[Opening Records to use section]

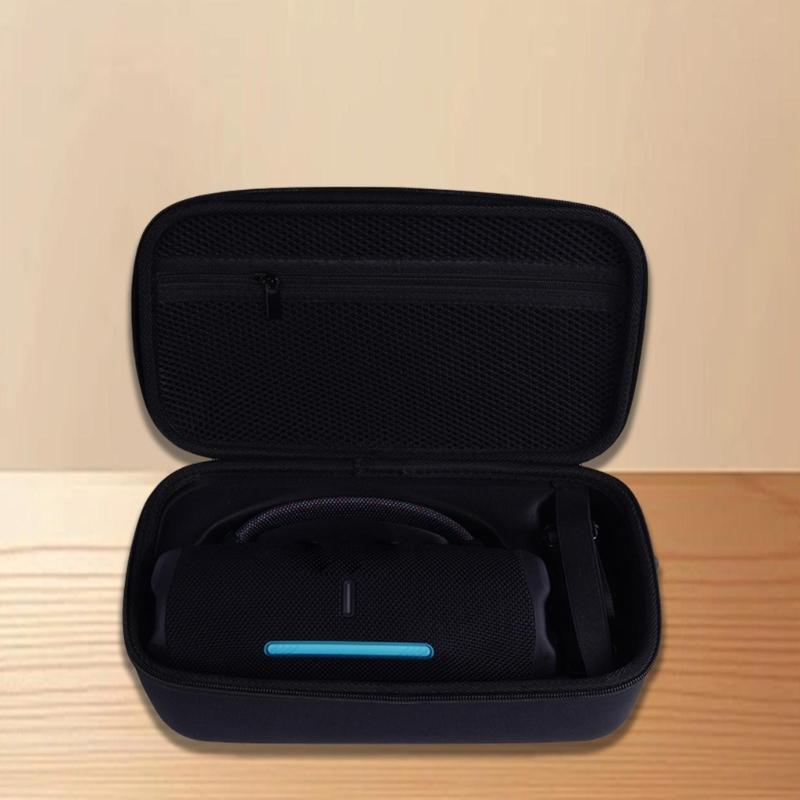 Портативная сумка-чехол из ЭВА для колонки Charge6, жесткий дорожный чехол с пылезащитой, легкий доступ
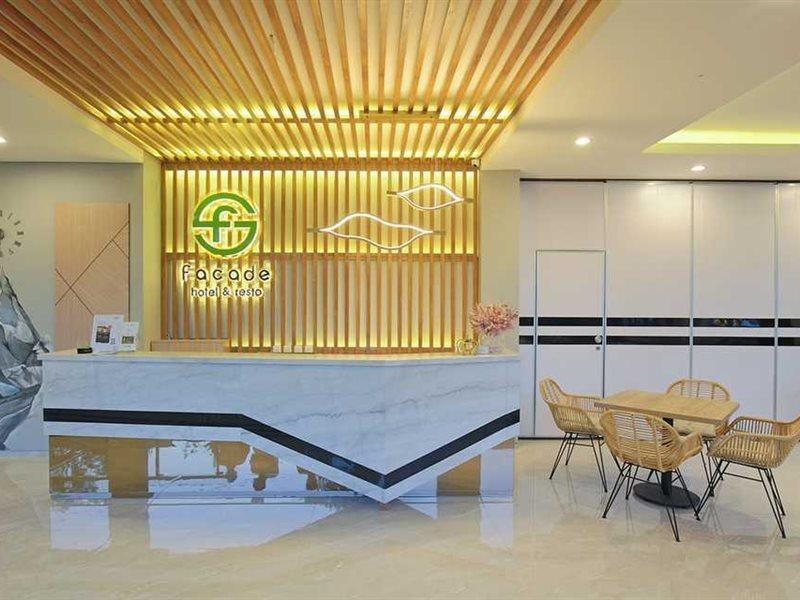 Facade Hotel By Azana Tawangmangu Exterior photo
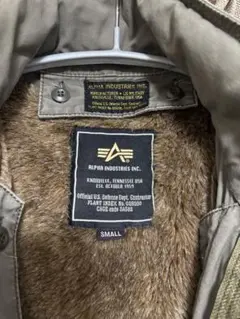 ALPHA×JOURNAL STANDARD　M65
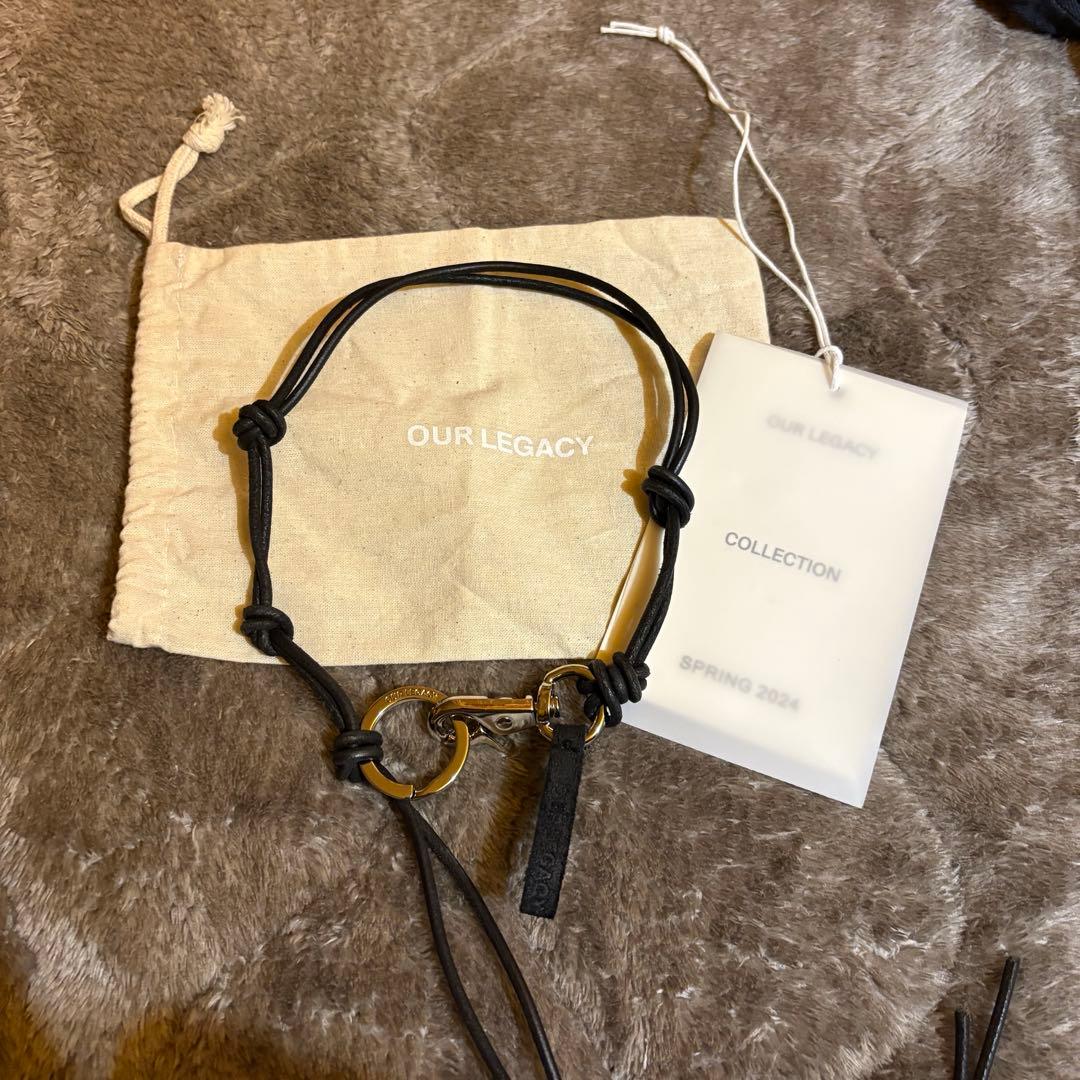 OUR LEGACY Ladon ネックレス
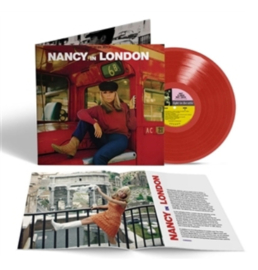Nancy Sinatra,  Nancy in London LP - Red Vinyl-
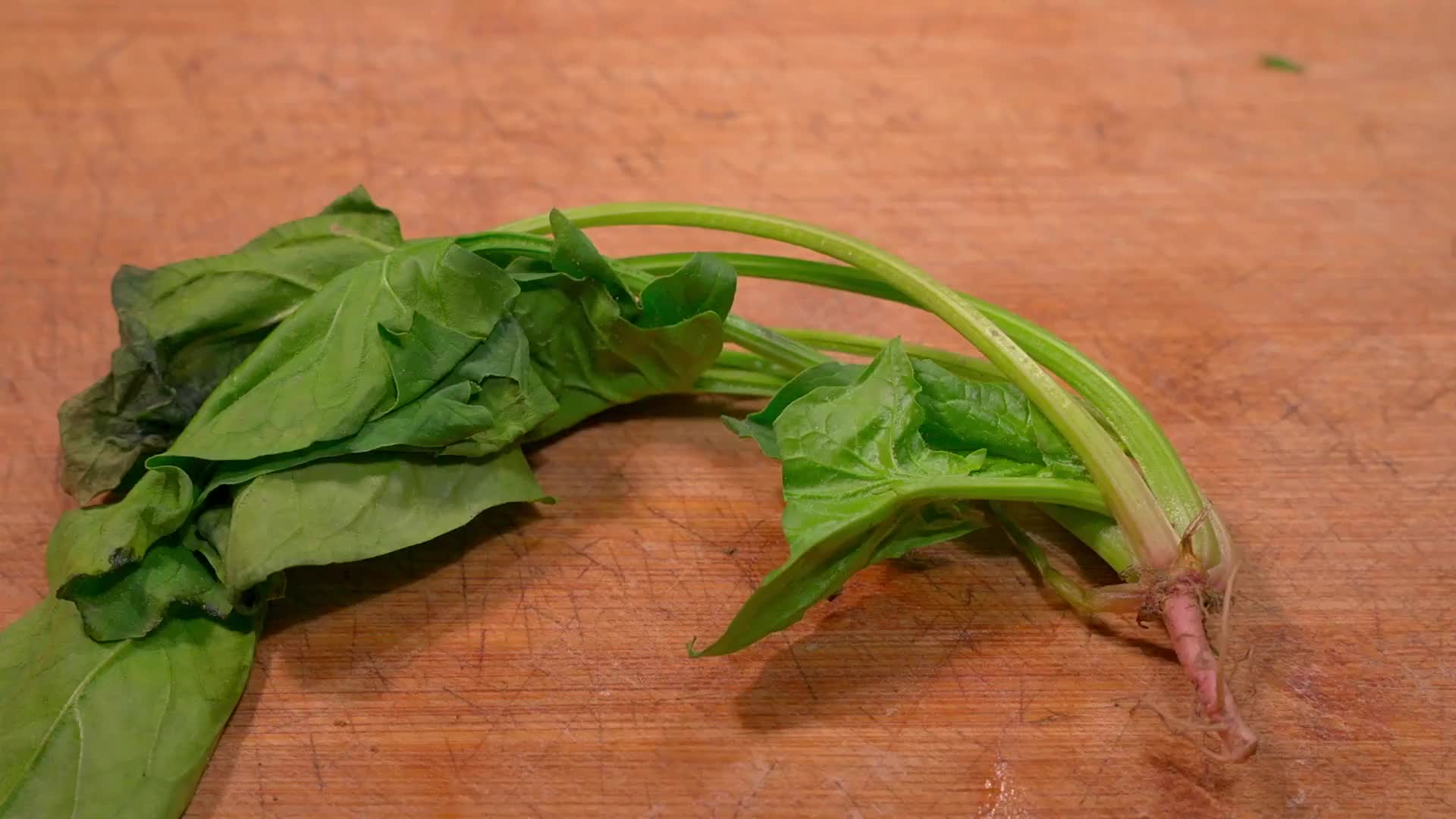 菠菜根不要扔,它是个宝,用水一煮,解决很多人的问题,长见识了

[Closing Records to use section]

* [Directions for this task]
Working from the line with "OUR LEGACY Ladon ネックレス" down through the last line of the records, give every line again exactly, but no pictures.

* [Solution to the problem]
 OUR LEGACY Ladon ネックレス
Nancy Sinatra,  Nancy in London LP - Red Vinyl-
 菠菜根不要扔,它是个宝,用水一煮,解决很多人的问题,长见识了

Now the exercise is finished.